May 12, 2004 | By: Ellen Brightwell

Preparation is vital to a successful job search, whether for full- or part-time employment. Getting ready involves developing attire and a mind-set suited to the position as well as knowledge of the job responsibilities and prospective employer.

“Your physical appearance, attitude and actions express your suitability for a job,” said Linda Heaton, Extension specialist with the University of Kentucky College of Agriculture.   “Clothing is a strong indicator because it reflects your personality and perception of the job. Potential employers place great emphasis on appropriate apparel and attitude for the job.  Generally speaking, be neatly and conservatively dressed.  Analyze proper attire for the position and dress accordingly.

“Your manner and attitude should reflect the type person you are, or want to be.  Pay attention to your posture and body language. Take an active part in the interview to show the employer you are the best candidate for the position.  Be ready to talk about yourself, career objectives and interests.  Don’t underestimate your hobbies and extracurricular or volunteer activities, because these indicate the type of person you are.  It may help to prepare several questions in advance to ask the interviewer.”

Prior to the interview, carefully read the job description to be sure you understand it; then do research on the prospective employer’s products or services as well as its growth and future prospects. Information sources may include libraries, internet and newspapers, trade publications or annual reports. This knowledge provides answers to the interviewer’s questions about why you want to work there and how you can contribute to the business or organization. It also is helpful to make an advance visit to be sure of the interview location and general dress code.

“The preparation will help you approach interviews with self-confidence and assurance,” she said.  “Tell yourself you can do the job as well as, perhaps better than, other applicants.  Prospective employers are impressed by real interest and enthusiasm; but don’t over do it.” 

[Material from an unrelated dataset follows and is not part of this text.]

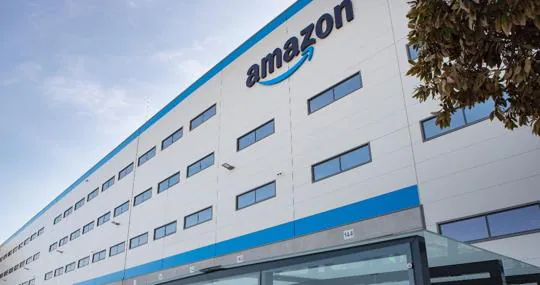 Centro logístico que Amazon ha inaugurado esta semana en Dos Hermanas (Sevilla)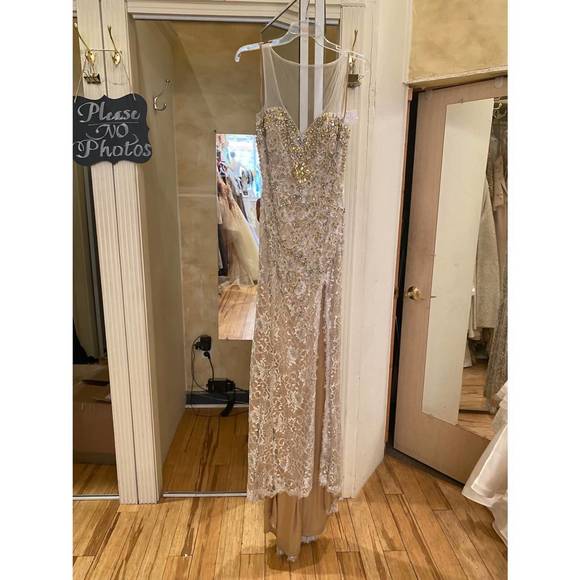 NEW TERANI COUTURE fitted evening dress in cream/nude - Picture 1 of 1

End the interview with a smile and handshake. Remember to thank the interviewer for the opportunity to discuss the position. Some applicants write a follow-up letter stating their interests in the position and qualifications for it.

“In a tight job market, many people are turned down for a job, or lose one,” Heaton said. “It is important to take charge of your life by adopting a positive attitude and moving on to another application or interview, rather than moping around and complaining about your bad luck. You will be much happier and more successful in the long run.”